The following, the first part of a two-part series, is excerpted from a talk originally given by Saul Bellow in 1988 and now published here for the first time. Footnotes have been added by the editors.
A few preliminary words on the title of this talk: it deals with aspects of my personal history and with the substantiality of the person behind this history. The idea of a substantial person has been subjected by modernist, postmodernist, and postpostmodernist thinkers to tests which make one think of the rude use of effigies by engineers who simulate car collisions and plane crashes—dummies are dismembered before our eyes or devoured by floods of ignited aviation fuel.
The “identity problem” has vexed and plagued the modern intellect. So what business have I, in view of the “new look” for individuals (in a word, for each and every one of us) sponsored by highly influential existentialist, deconstructionist, and nihilist designers, to speak of my personality and my personal history? And the truth is that no such right can be formally defended by a writer—a novelist—who, in any case, would have neither the time nor the metaphysical competency to do the job. All I have to say is that the learned philosophers and critics have raised some questions which perhaps do not have to be raised, sinister questions which I associate with an even more sinister challenge, the challenge, namely, to one’s right to exist in any form.

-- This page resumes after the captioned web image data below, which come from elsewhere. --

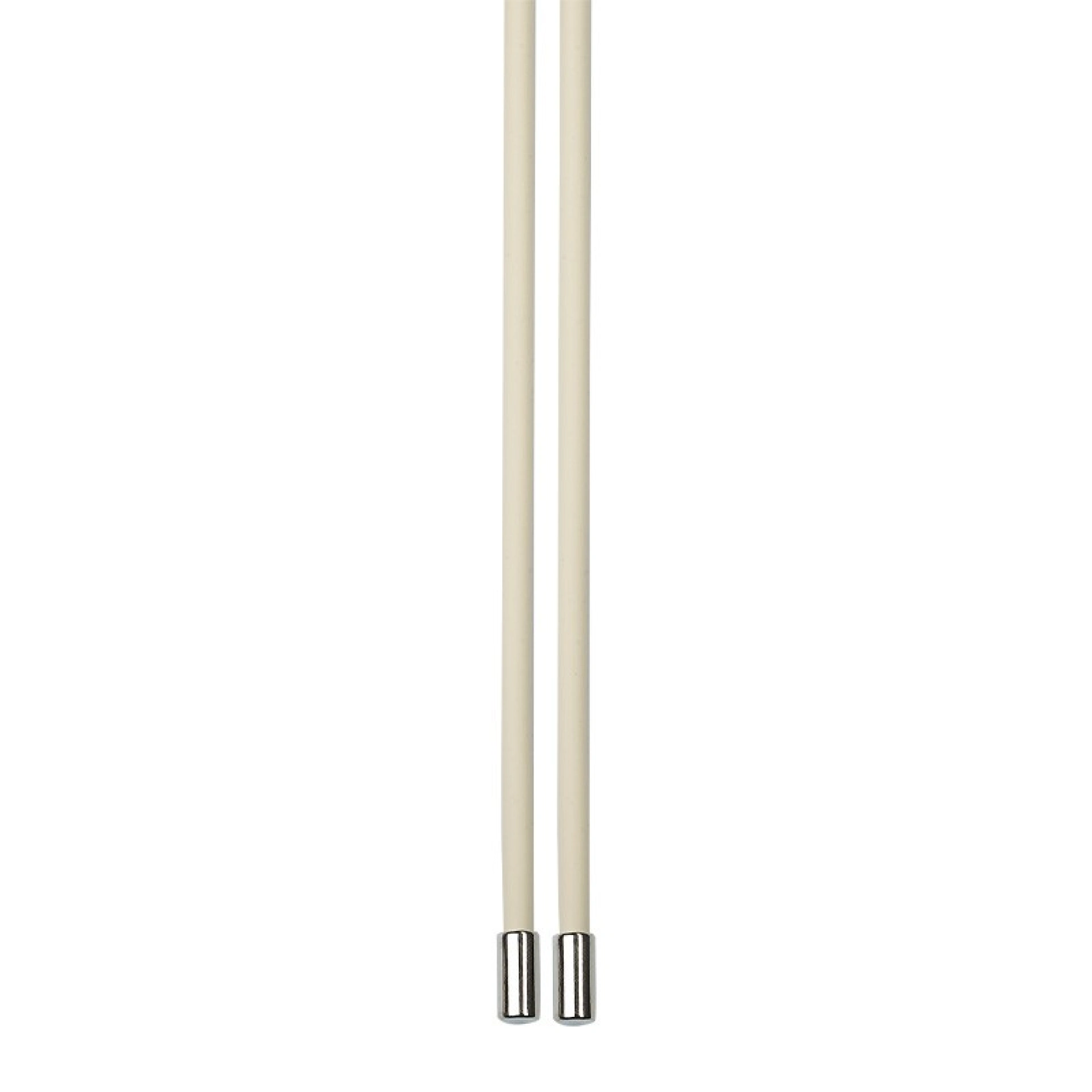 Cordão de Silicone para Telemóvel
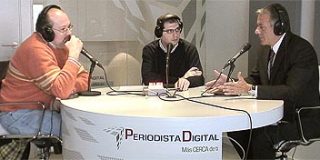 &iquest;Debe preocuparnos que ENDESA quede en manos de Italia?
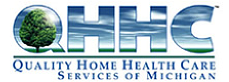  Profile Photos of Quality Home Health Care Services of Michigan 23800 W 10 Mile Rd - Photo 1 of 1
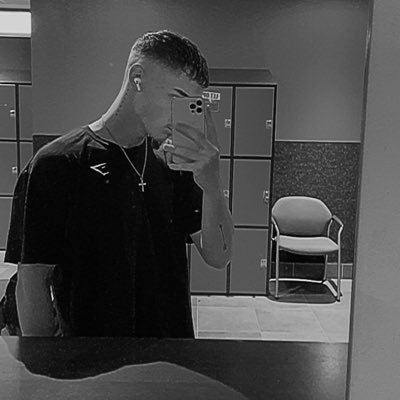 _djowie's profile picture. F/A COD 2023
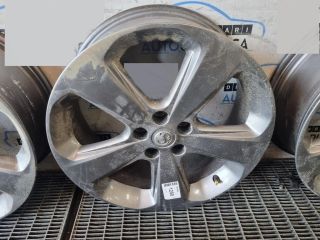 bontott OPEL MOKKA Alufelni Szett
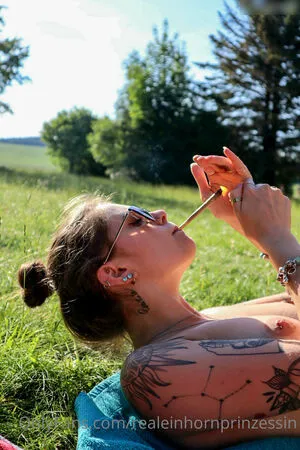 Realeinhornprinzessin OnlyFans Leaked Free Thumbnail Picture - #qYCSlIAjHS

The philosopher Morris R. Cohen was once asked by a student, “Professor, how do I know that I exist?”
“So?” Cohen replied. “And who is esking?”
Thanks to Professor Cohen I feel that I stand on firmer ground, and can do what I have done all my life: i.e., to fall back instinctively on my first consciousness, which has always seemed to me to be most real and easily accessible. For people who have no access to any such core consciousness, no mysteries exist. Linguistic analysts aim to clear away all mysteries—alleged mysteries, they would say. Facts, however, must be respected, and the fact is that for reasons I can’t explain, my own first consciousness has had a long unbroken history. I wouldn’t know how to defend my faithful attachment to it. All I can say is that it is a fact and I wonder why anyone should feel it necessary to put its reality in doubt. But our meddling mental world puts all such realities in doubt. This world of truly modern, educated, advanced consciousness suspects the core consciousness that I take to be a fact of being inauthentic and probably delusive.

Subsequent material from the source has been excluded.